Barrett made an appealing first impression in 2017, during her confirmation hearings to the federal bench. She and her husband are the parents of seven children. For many years, she was a popular professor at Notre Dame Law School, which she also attended and from which she graduated summa cum laude. She clerked on the Supreme Court for Justice Scalia. As a judge on the Seventh Circuit, she has been a reliable conservative voice. Even liberal peers in the academy find her personable. She will probably do well in providing the artful non-answers that are the currency of Supreme Court confirmation hearings before the Senate Judiciary Committee, just as she did in 2017.
But there should be no doubt about why Barrett has been chosen. Much of the commentary about her selection will focus on the issue of abortion, and her likely role in overturning Roe v. Wade. During the 2016 campaign, Trump repeatedly promised to appoint Justices who would vote to overrule that landmark, and with his three selections, including Neil Gorsuch and Brett Kavanaugh, he appears to have delivered. Barrett is not only a member of a conservative organization within the Catholic Church; her legal writings, and the views of some who know her, suggest that she would overturn Roe.
Still, it’s worth remembering the real priorities of Trump and Mitch McConnell, the Senate Majority Leader, in this nomination. They’re happy to accommodate the anti-abortion base of the Republican Party, but an animating passion of McConnell’s career has been the deregulation of political campaigns. The Supreme Court’s Citizens United decision brought the issue to wide public attention, but McConnell has been crusading about it for decades. He wants the money spigot kept open, so that he can protect his Senate majority and the causes for which it stands. This, too, is why the Federalist Society has been so lavishly funded over the years, and why it has expanded from a mere campus organization into a national behemoth for lawyers and students. Under Republican Presidents, Federalist Society events have come to operate as auditions for judicial appointments.
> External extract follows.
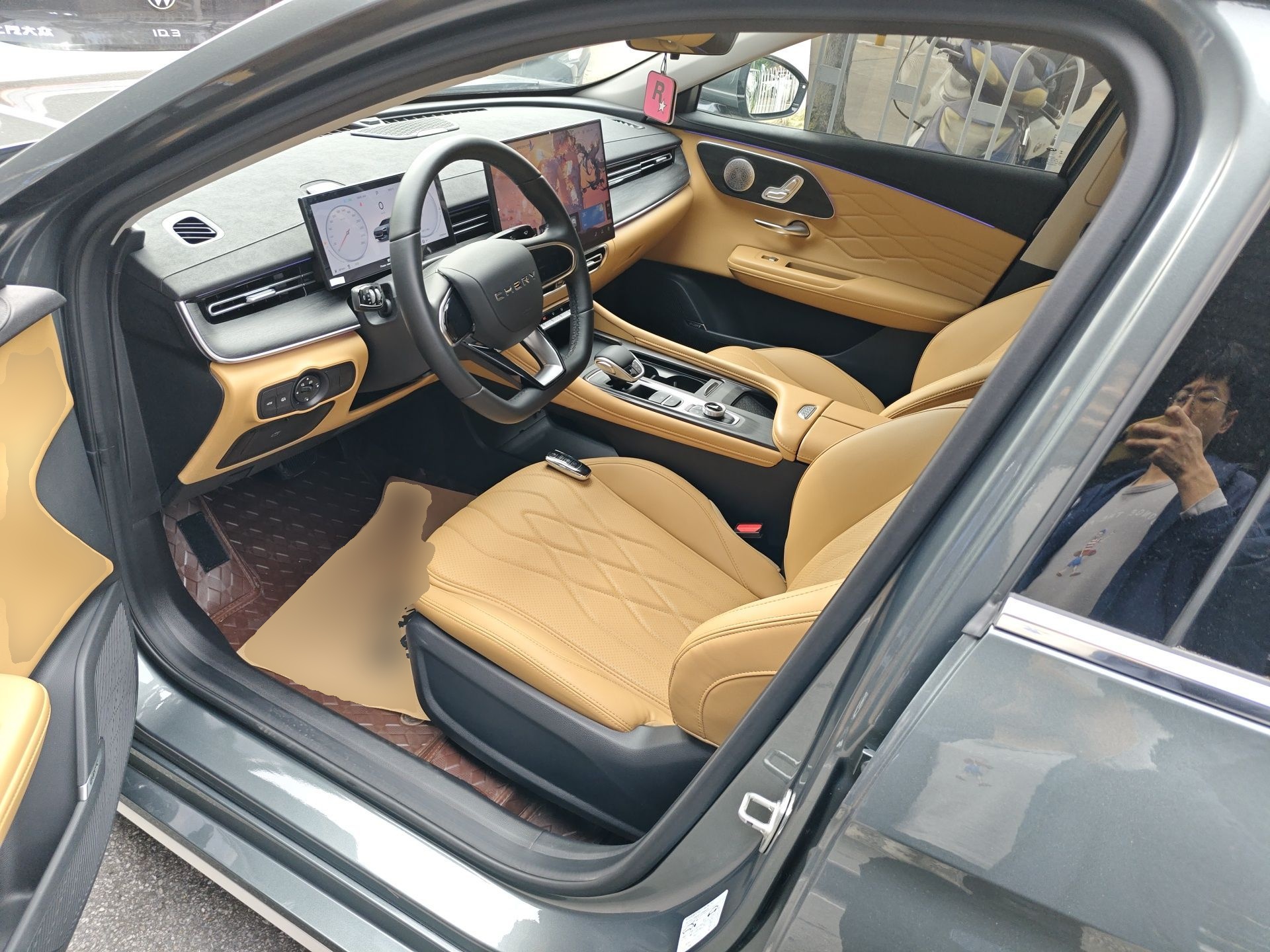 Переднее сиденье в автомобиле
The corporate interests funding the growth of the Federalist Society probably weren’t especially interested in abortion, but they were almost certainly committed to crippling the regulatory state.
Barrett is a product of this movement, and not just because she clerked for Scalia. Her writings and early rulings reflect it. Her financial-disclosure form shows that, in recent years, she has received about seven thousand dollars in honoraria from the Federalist Society and went on ten trips funded by it. But it’s not as if Barrett was bought; she was already sold. The judge has described herself as a “textualist” and an “originalist”—the same words of legal jargon that were associated with Scalia. (She believes in relying on the specific meaning of the words in statutes, not on legislators’ intent. She interprets the Constitution according to her belief in what the words meant when the document was ratified, not what the words mean now.) But these words are abstractions. In the real world, they operate as an agenda to crush labor unions, curtail environmental regulation, constrain the voting rights of minorities, limit government support for health care, and free the wealthy to buy political influence.
It should go without saying that the nomination and the expected confirmation of Barrett in the final days before a Presidential election represent a paramount act of hypocrisy for McConnell and the other Republicans who denied even a hearing to Merrick Garland, President Barack Obama’s choice for the Supreme Court, in 2016. But the fact that these Republicans are willing to risk that charge shows how important the Supreme Court is to them. Far more than a senator, a Supreme Court Justice can deliver on the agenda. The war on abortion is just the start.